Water samples at the test site in Hanover. (Photo courtesy of Jennifer Brentrup)


The all-woman research team created a treatment set-up in which increasing amounts of salts were added to some of the mesocosms they created. Water samples were collected weekly for six weeks and the researchers counted how many zooplankton—tiny crustaceans or other small aquatic animals—there were under a microscope.

“As the salinity increased, we saw a pretty big decline in the numbers and diversity of zooplankton that were present,” says Brentrup.

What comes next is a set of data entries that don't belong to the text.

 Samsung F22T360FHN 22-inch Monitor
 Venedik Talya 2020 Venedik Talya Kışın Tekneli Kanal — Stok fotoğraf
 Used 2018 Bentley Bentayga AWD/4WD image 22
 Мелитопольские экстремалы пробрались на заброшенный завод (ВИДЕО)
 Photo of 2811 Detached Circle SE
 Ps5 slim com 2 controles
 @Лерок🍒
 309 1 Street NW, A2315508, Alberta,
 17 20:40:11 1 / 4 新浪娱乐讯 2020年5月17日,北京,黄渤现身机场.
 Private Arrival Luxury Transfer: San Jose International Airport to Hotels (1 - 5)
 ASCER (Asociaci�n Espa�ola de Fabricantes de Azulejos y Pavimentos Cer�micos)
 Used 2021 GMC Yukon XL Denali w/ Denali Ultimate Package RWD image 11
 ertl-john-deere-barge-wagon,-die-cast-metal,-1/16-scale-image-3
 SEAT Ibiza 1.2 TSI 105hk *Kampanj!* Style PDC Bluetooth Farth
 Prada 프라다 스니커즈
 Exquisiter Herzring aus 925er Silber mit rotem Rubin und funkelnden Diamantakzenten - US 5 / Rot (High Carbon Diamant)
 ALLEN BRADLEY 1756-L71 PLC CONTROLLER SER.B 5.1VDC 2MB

Zooplankton are key connectors of the aquatic food web, linking microscopic producers to fish. Their loss triggers cascading effects that can affect fish populations while benefiting algae at the base of the food web.

Chronic salt concentrations above 230 milligrams of chloride per liter of freshwater are considered harmful by the Environmental Protection Agency. But even at the lowest salt concentrations they tested, just 20 milligrams of chloride per liter, the researchers recorded a noticeable drop in what zooplankton species were present and how many. That’s just a teaspoon of salt in 80 gallons of water, says Brentrup. Their results corresponded with findings across the study’s sites.

“It’s clear that the salinity thresholds that have been chosen by governments as safe aren’t adequately protecting aquatic life,” says Cottingham.

Besides rethinking these guidelines at the federal level, local authorities, institutions and even individuals must be more thoughtful about how and when salt is used to keep ice from forming, she says. A host of clever solutions from pre-treatment of roads to new technologies like smart plows that aid targeted salting are now available, says Cottingham. Adopting these alternatives can help keep the roads less icy and lakes less salty.

The research at Dartmouth was funded in part by the Matariki Network of Universities, a consortium of leading international institutions of higher learning that Dartmouth co-founded.